Code intelligence queries are displayed in a hover overlay over the code blob in the UI. Overlays are shown after the user hovers over a particular token on a line, which will immediately fire a hover and definition (preload) request to the basic code intel extension. If Go to Definition is clicked, the user is navigated to the preloaded location. If Find References is clicked, a subsequent references request is made to the basic code intel extension, and a file match results panel is populated.

Browser extensions

The browser extension will display the same hover overlay as the UI does.

LSIF API Server

The precise-code-intel-api-server accepts code intelligence queries via HTTP requests. The payload of each query is a repository ID, a commit hash, a file path, and a position in the source file. The definition endpoint is defined here, for example.

Each query attempts to load a open LISF upload file (formatted as a SQLite database) from disk. Each LSIF upload is associated with a repository, a commit, and a root. The target LSIF upload is the upload with the same repository, commit, and a root that is a prefix of the request file path.
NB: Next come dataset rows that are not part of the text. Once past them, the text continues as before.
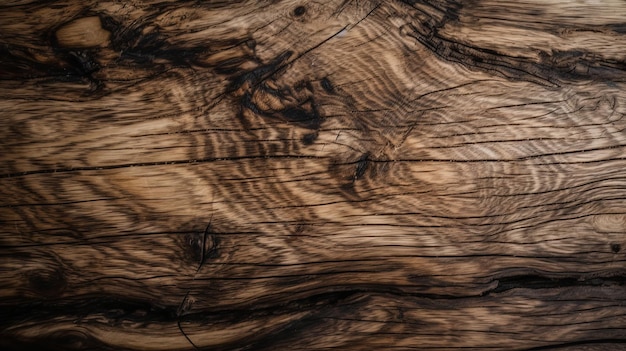 Een close-up van een houten tafel met een ruwe textuur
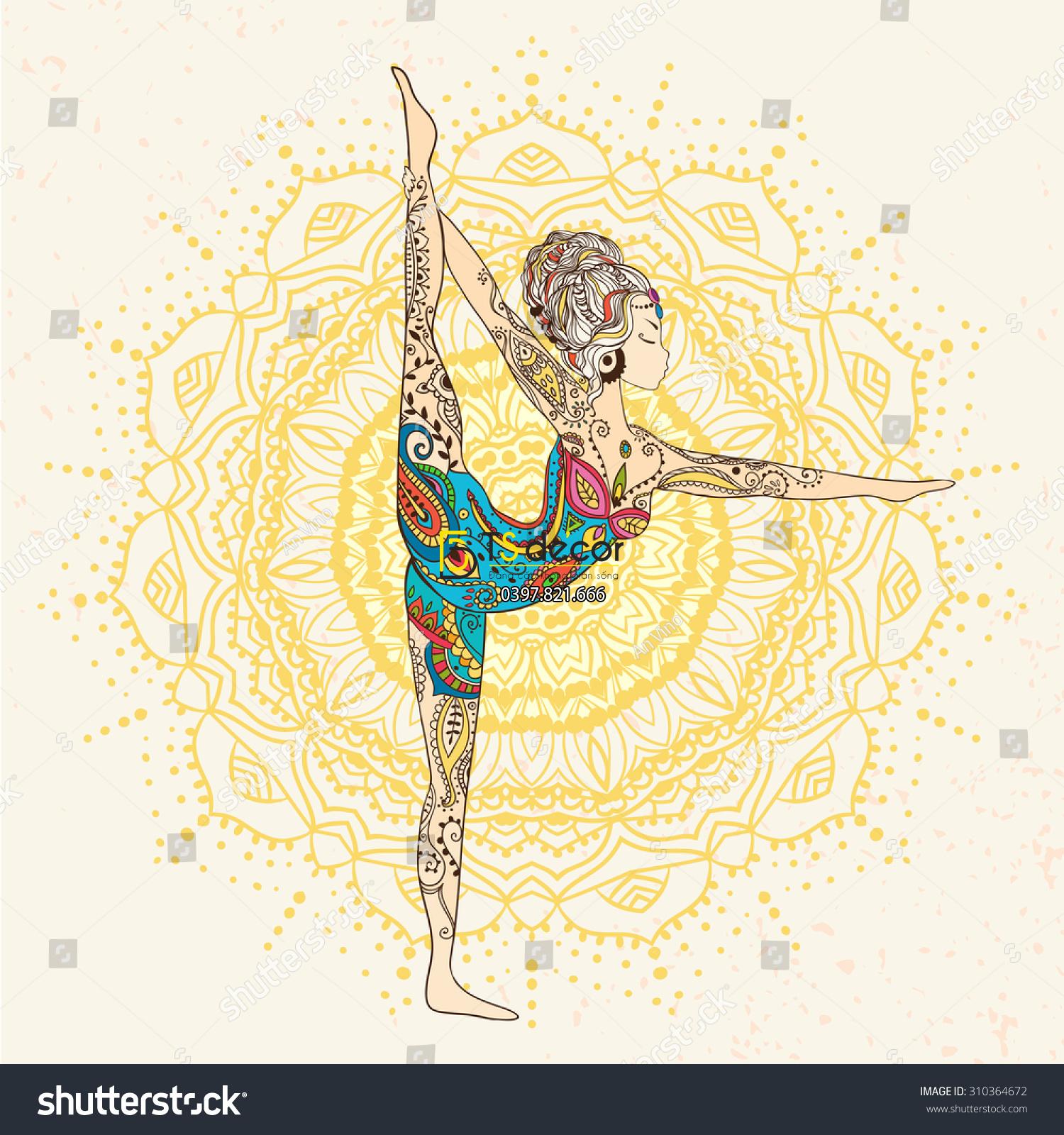 Tranh dán tường phong Yoga 08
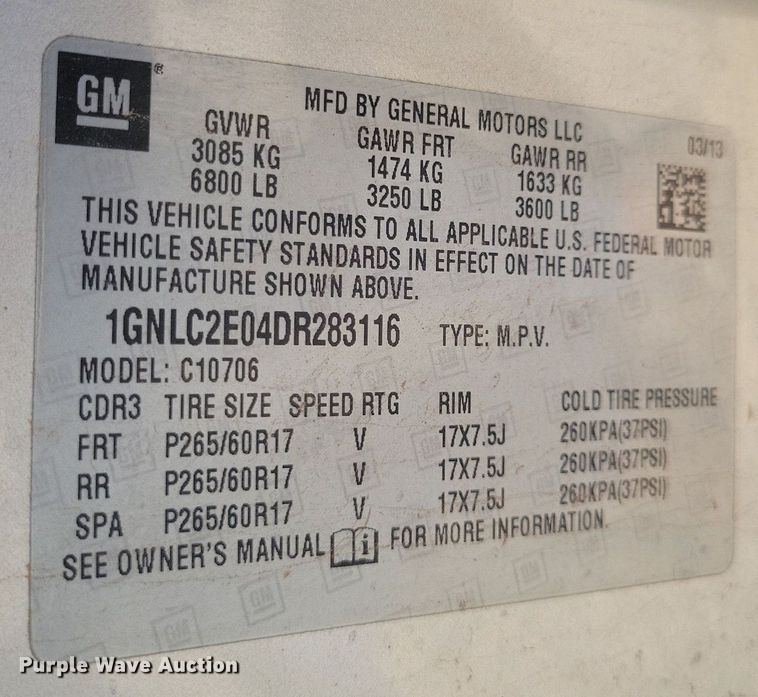 image for item LG9336 2013 Chevrolet Tahoe Police  SUV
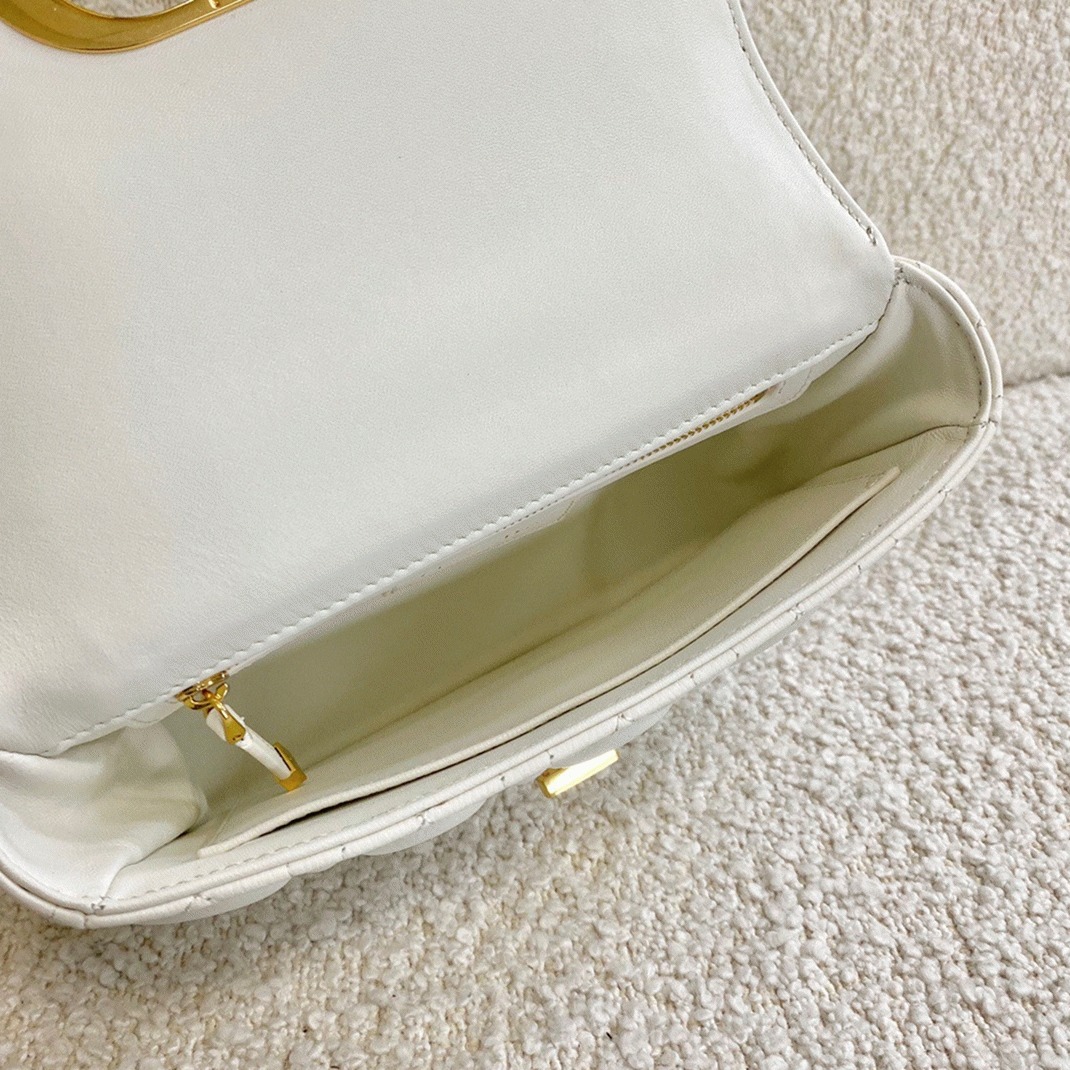 Dior Caro Small Bag Knockoff in White angle 2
If there is no LSIF upload for that exact commit, we try to load the closest database by traversing ancestor and descendent commits until we find an upload with a matching repository and root.

This SQLite file is then queried and returns the hover text or the set of locations associated with that source position. This is generally enough for hover text, but not enough or definitions and reference queries in the presence of multiple mutually-referential repositories.

After all local location results are found in the SQLite file, the server will query Postgres with the repository and commit to find the set of packages that it defines (for remote references) or for the set of dependencies that it has (for remote definitions). This will return a list of additional repository and commit pairs, which are queried in a similar way.